• [PROBLEM TO SOLVE]
Your copy should match the listing below exactly, except that it holds no images.

• [SUPPLIED DATA]
/---

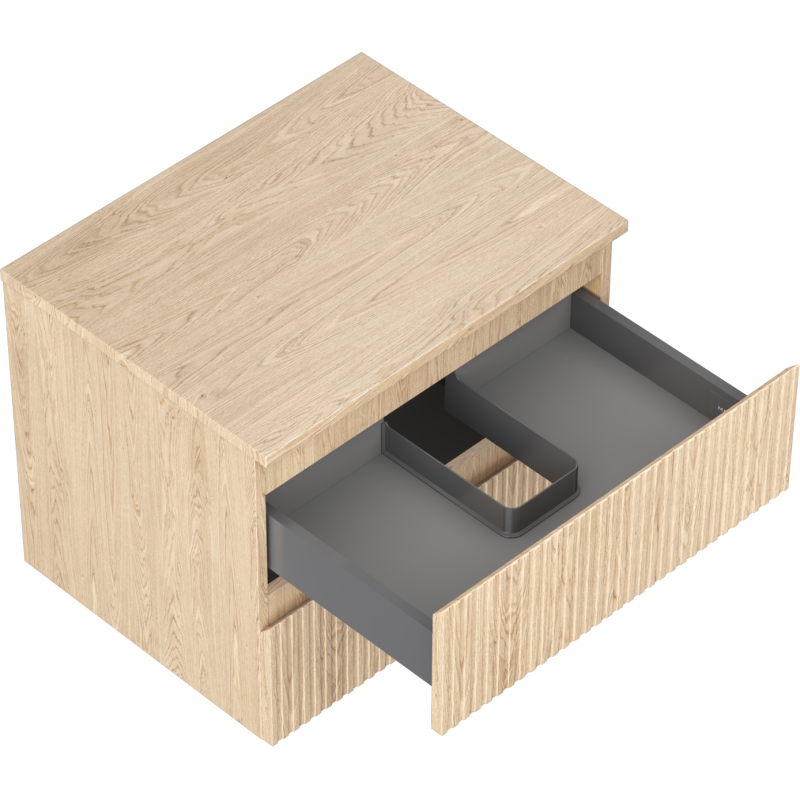 Mexen Rivel meuble de salle de bain sous lavabo 60 cm avec plateau, 2 tiroirs, rainuré, chêne - 91A20-06047-2-BFFC81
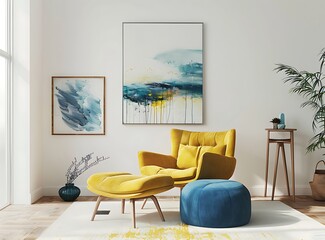 Modern interior design of a living room with a yellow armchair, a blue footstool and paintings on a white wall background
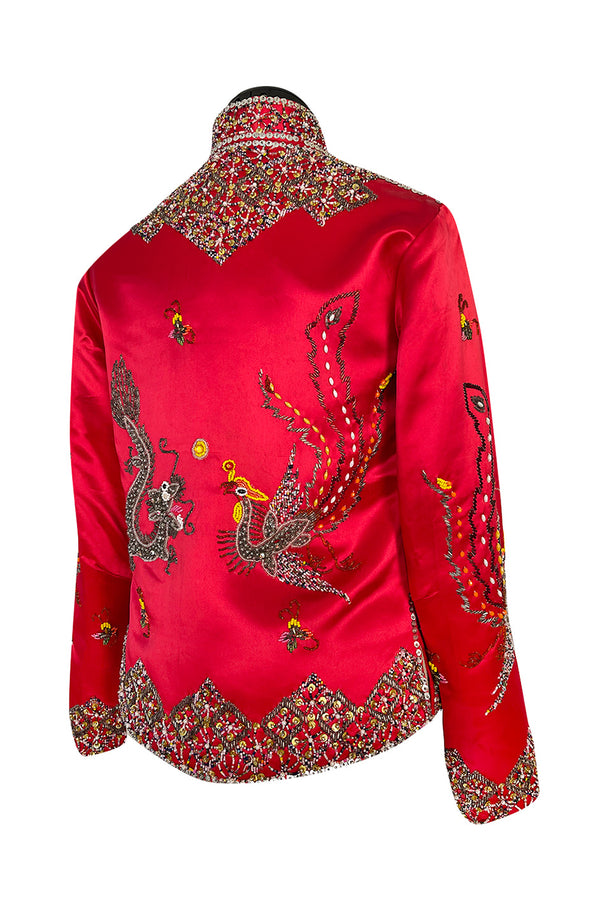 Fabulous 1960s Extensively Beaded & Sequin Front Zip Red Silk Satin Asian Jacket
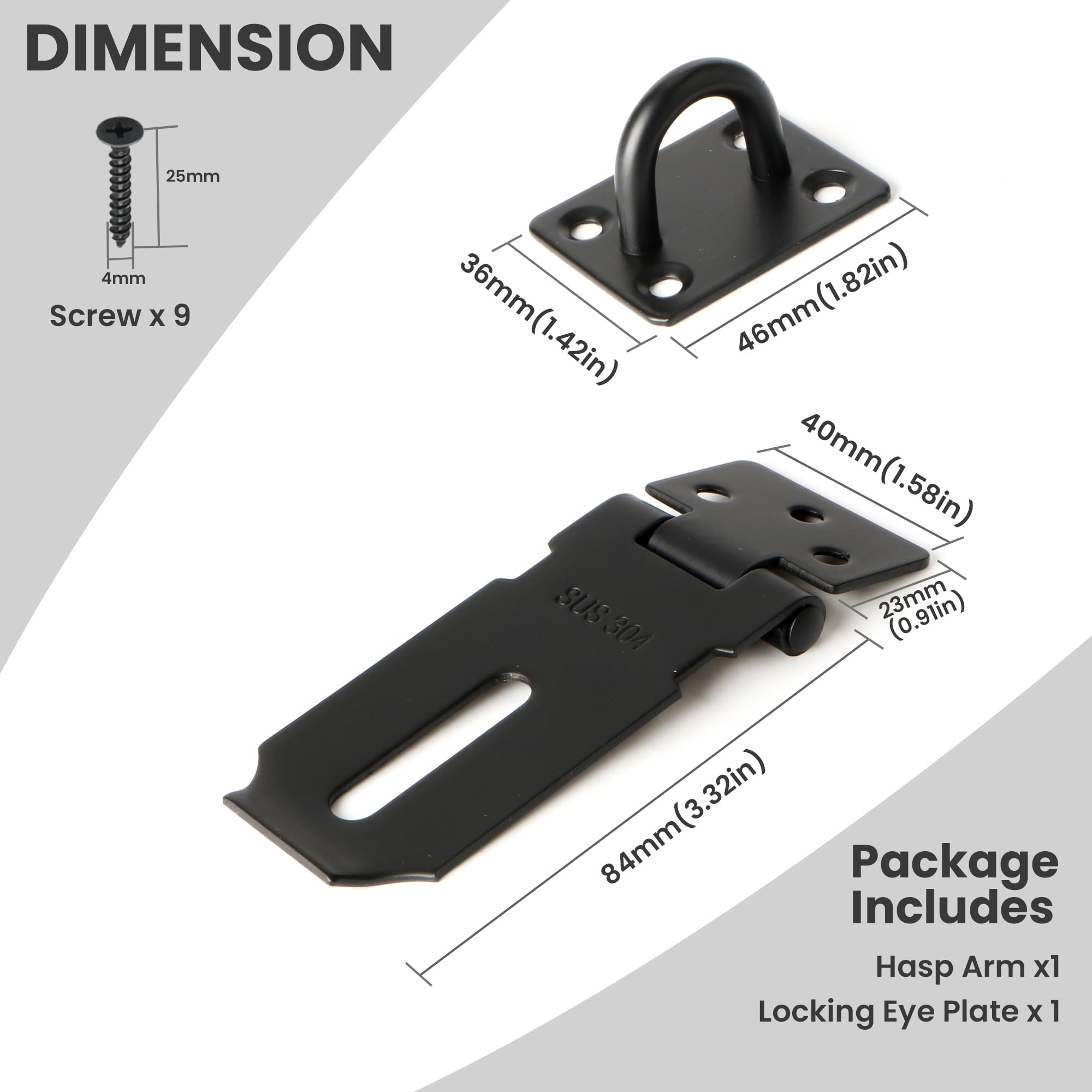 Alise MS9B-3C Padlock Hasp Door Clasp Gate Lock LatchSUS 304 Stainless Steel Matte Black Finish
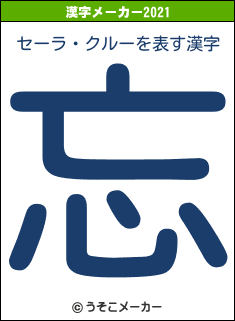 セーラ・クルーの2021年の漢字メーカー結果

\---

• [TASK RESPONSE]
 Mexen Rivel meuble de salle de bain sous lavabo 60 cm avec plateau, 2 tiroirs, rainuré, chêne - 91A20-06047-2-BFFC81
 Modern interior design of a living room with a yellow armchair, a blue footstool and paintings on a white wall background
 Fabulous 1960s Extensively Beaded & Sequin Front Zip Red Silk Satin Asian Jacket
 Alise MS9B-3C Padlock Hasp Door Clasp Gate Lock LatchSUS 304 Stainless Steel Matte Black Finish
 セーラ・クルーの2021年の漢字メーカー結果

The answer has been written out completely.